Lab 10: Machine learning project
Due May 8 by midnight


Machine Learning Contests

In the past decade, a large amount of work in machine learning has been motivated by various contests and challenges. One of the best known was the Netflix prize (official site, Wikipedia), which offered $1M to the team that could improve the site's recommendation system by 10%. The Netflix prize was claimed in 2009; since then machine learning contests have become commonplace.

For this project you will take on a machine learning challenge of your choice from kaggle. Some of these contests are currently active, with prizes available. However, you are welcome to work on contest problems that have expired or (with approval) on another machine learning problem of your choosing. On kaggle, you can see old under all competitions.

Many of these challenges involve large data sets that could quickly blow through your disk quota. To avoid this, you can save them to /scratch (instructions), which is unlimited, but isn't backed up. Also, take a look at the department's suggestions for long running jobs.

In order to download data, you will need to sign up for a free account. Kaggle also has a discussion forum, which may have useful suggestions, especially if you are working on an active contest.

Tools

For this project you should not use the code that you have written in previous labs to implement machine learning algorithms. Instead, you should make as much use as you can of the machine learning libraries scikit-learn and keras. We have seen both of these libraries before: in labs 7 and 8. Keras is an excellent resource for neural networks; scikit-learn should be your go-to library for all other machine learning algorithms.

Scikit-Learn

Scikit-learn is a collection of Python libraries that implement a large number of machine learning algorithms. We previously used the sklearn implementation of support vector machines in lab 8. Scikit-learn has a huge collection of classification, clustering, and regression techniques. Here is the documentation for sklearn implementations of many of the algorithms we have studied:

Scikit-learn also has modules for preprocessing data and for evaluating models with cross validation. Feel free to poke around in the scikit-learn documentation for other tools and algorithms.

Keras

Keras provides an easy-to-use python interface to the TensorFlow and Theano deep learning libraries. In lab 7, we used keras to train neural networks on the MNIST handwritten digit data set. Scikit-learn has a rudimentary neural network implementation, but if you plan on using neural networks in you project, you should use Keras.

Ensemble Methods

The Netflix prize was open for nearly three years, during which time several research teams improved prediction scores using a variety of machine learning methods. The prize was ultimately won by a meta-group of research teams whose meta-algorithm ran each team's classifier in parallel and made recommendations based on their joint results. This outcome demonstrates the power of ensemble learning.
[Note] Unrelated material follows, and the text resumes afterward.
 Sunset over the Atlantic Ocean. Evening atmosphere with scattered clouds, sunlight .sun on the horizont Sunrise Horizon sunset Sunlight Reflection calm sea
Ensemble learning is based on the idea that combining the output of many weak classifiers can make a strong classifier that outperforms all of its component parts. Ensemble learning is feasible as long as all of the component classifiers are useful (they perform better than random guessing) and not entirely redundant (they sometimes give different answers).

Two common methods for ensemble learning are boosting and bagging. Boosting works by training many weak classifiers (such as shallow decision trees) on the same data and then taking a plurality vote or weighted average over their outputs in order to classify a new point. Bagging works by training many highly specific classifiers (such as deep decision trees) on random subsets of the data, and again taking a vote or average over their output labels.

You are expected to use at least one ensemble method in your project. The ensemble method may or may not be the best learning algorithm for your task, but your writeup should report the results of testing the ensemble against its component algorithms. Several variations on boosting and bagging are implemented by scikit-learn. Documentation can be found in the ensemble methods section.

Submitting

Before the deadline, you need to submit the following things through git:

In addition, you must turn in a hard copy of the writeup pdf outside my office.

In the LaTex file, project.tex, you will describe your project. This file already contains a basic structure that you should follow. Feel free to change the section headings, or to add additional sections. Recall that you use pdflatex to convert the LaTex into a pdf file. Here is a template for your paper.

As your project develops and you create more files, be sure to use git to add, commit, and push them. Run: git status to check that all of the necessary files are being tracked in your git repo. Don't forget to update the README so that I can test your code!